[TASK STATEMENT]: Nothing but the lines below, from the first through the line containing "Union Jack Socks", should be set down, each one exactly and without pictures.

(Brief descriptive captions)
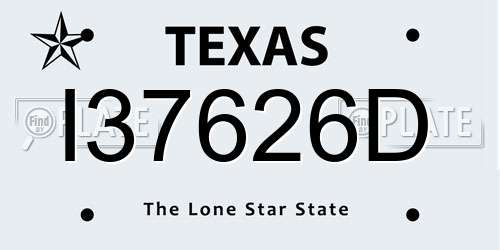 I37626D Texas License Plate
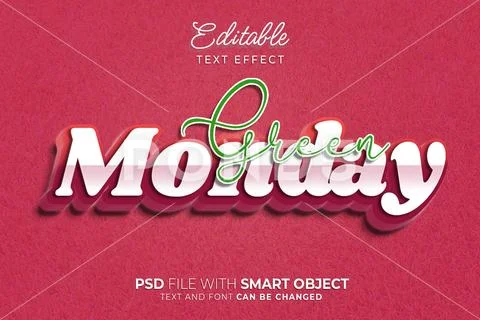 Text effect green monday editable style Modello PSD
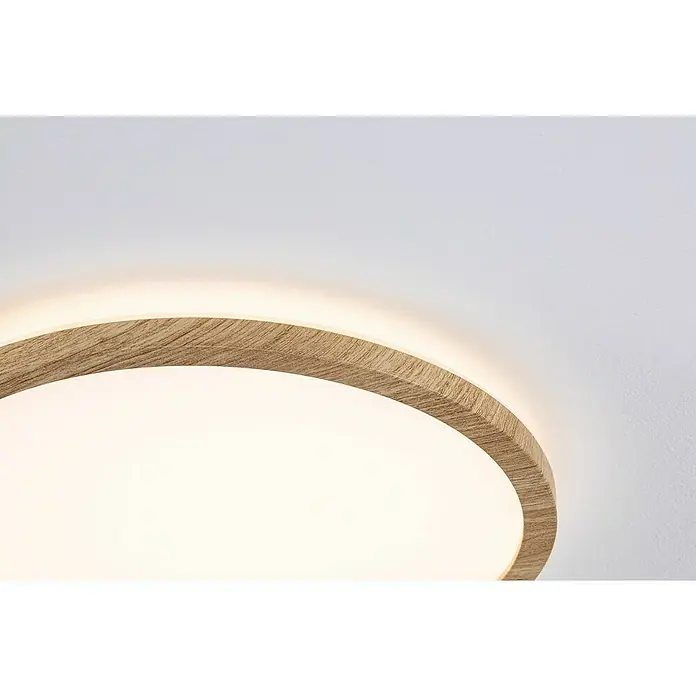 Paulmann LED-Panel rund Atria Shine IP44 - 12,5 W, Durchmesser: 19 cm, Holz, Warmweiß - Nahaufnahme einer runden Deckenleuchte mit Holzrahmen und sanftem, warmem Licht, die eine elegante und natürliche Atmosphäre schafft.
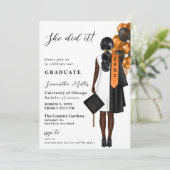 オレンジモダン色の写真彼女はそれを卒業した 招待状 (スタンド正面)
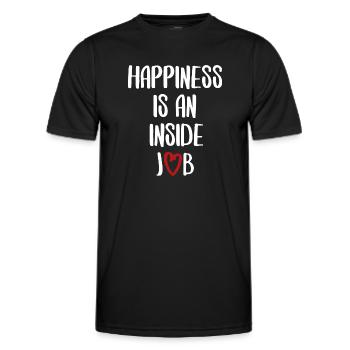 Happiness happy Happiness quotes funny saying - Men's Functional T-Shirt - black - Front - AI Model Male 178 dark (178cm)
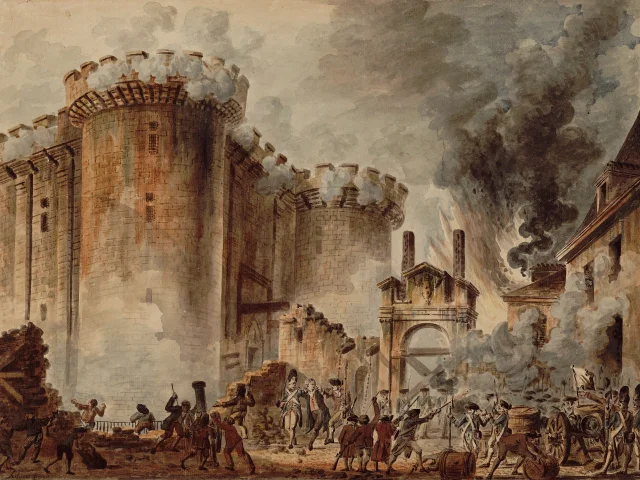 Tableau de Jean-Pierre Houël représentant prise de la Bastille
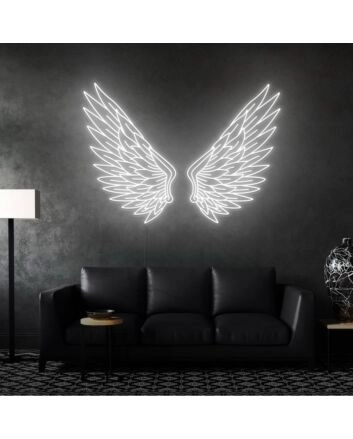 Angel Wings Neon Sign for Whimsical and Spiritual Decor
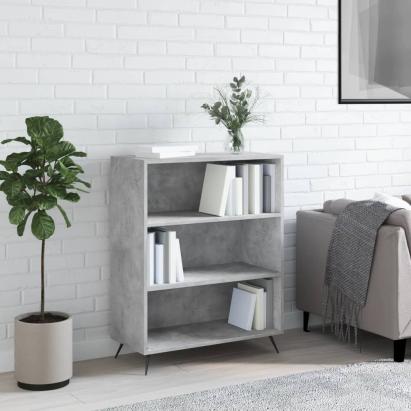 Bibliotecă, gri beton, 69,5x32,5x90 cm, lemn compozit GartenMobel Dekor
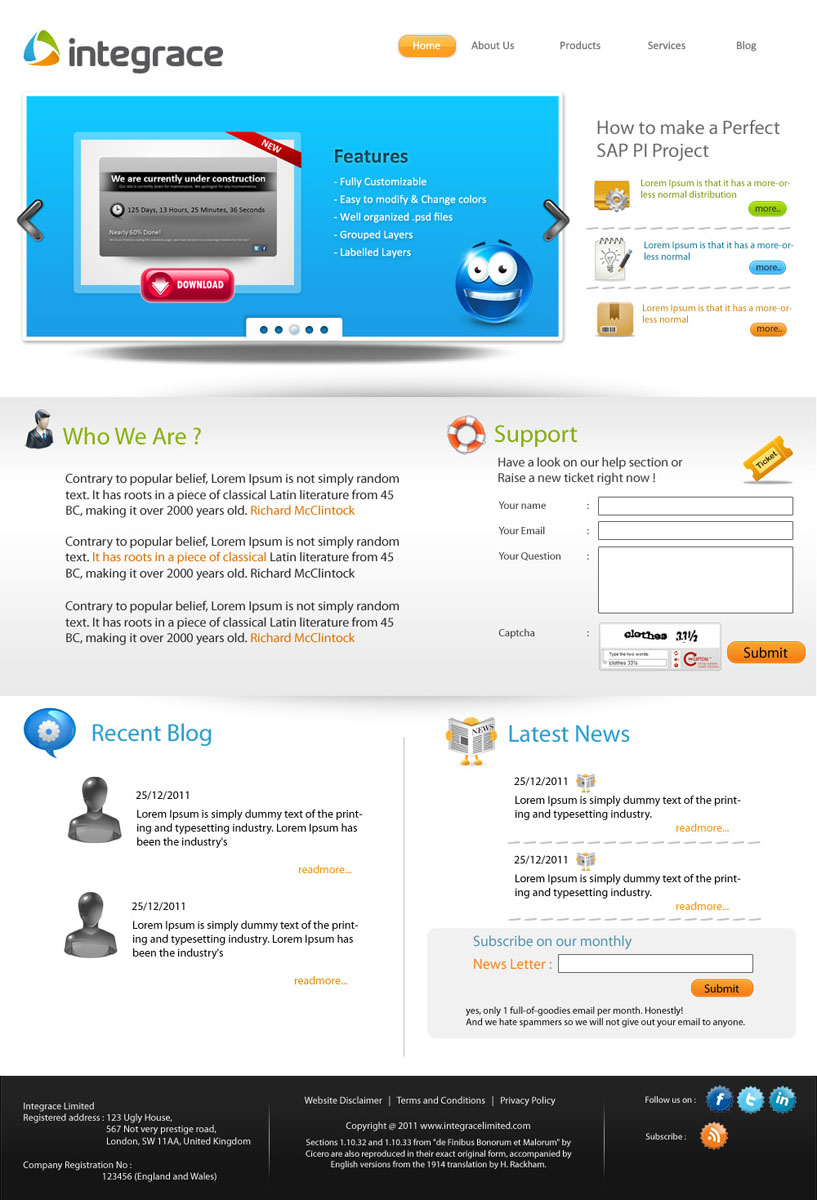 Diseño Wordpress por pb para Integrace Ltd | Diseño #395441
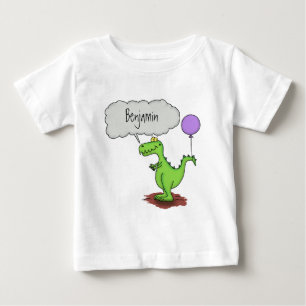 キュートな火吹き緑のおもしろいドラゴン漫画 ベビーTシャツ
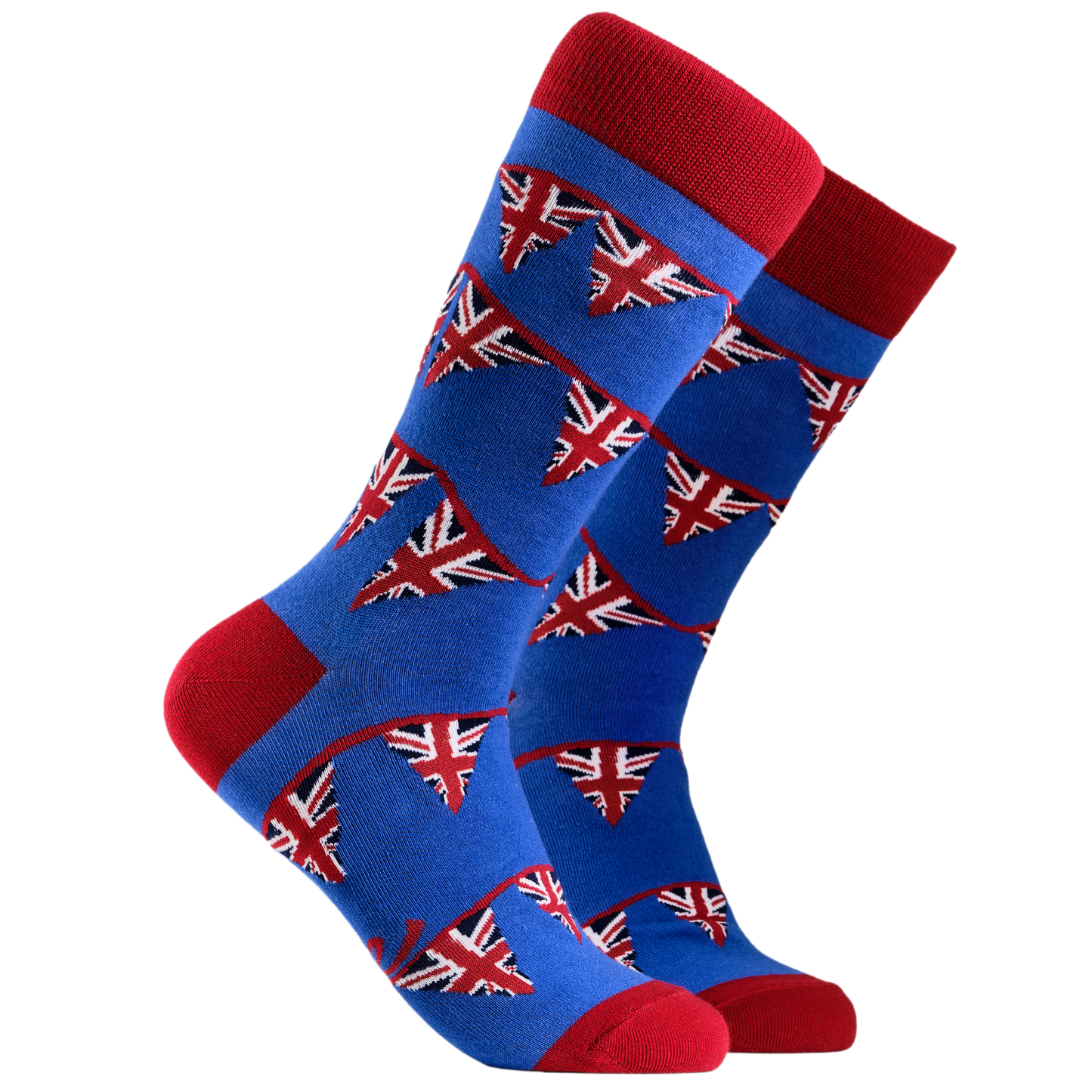 
                  
                    Union Jack Socks - UK Bunting. A pair of socks depicting Union Jack bunting. Blue legs, red cuff, heel and toe.
                  
                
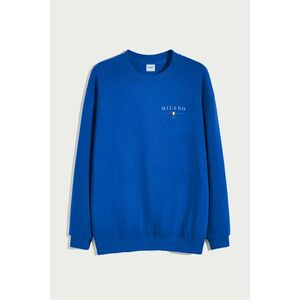 Mikina, Barva Modrá Elektrická, s Potiskem Milano Italia Minimal obraz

[SOLVED PROBLEM]:
 I37626D Texas License Plate
 Text effect green monday editable style Modello PSD
 Paulmann LED-Panel rund Atria Shine IP44 - 12,5 W, Durchmesser: 19 cm, Holz, Warmweiß - Nahaufnahme einer runden Deckenleuchte mit Holzrahmen und sanftem, warmem Licht, die eine elegante und natürliche Atmosphäre schafft.
 オレンジモダン色の写真彼女はそれを卒業した 招待状 (スタンド正面)
 Happiness happy Happiness quotes funny saying - Men's Functional T-Shirt - black - Front - AI Model Male 178 dark (178cm)
 Tableau de Jean-Pierre Houël représentant prise de la Bastille
 Angel Wings Neon Sign for Whimsical and Spiritual Decor
 Bibliotecă, gri beton, 69,5x32,5x90 cm, lemn compozit GartenMobel Dekor
 Diseño Wordpress por pb para Integrace Ltd | Diseño #395441
 キュートな火吹き緑のおもしろいドラゴン漫画 ベビーTシャツ
                  
                    Union Jack Socks - UK Bunting. A pair of socks depicting Union Jack bunting. Blue legs, red cuff, heel and toe.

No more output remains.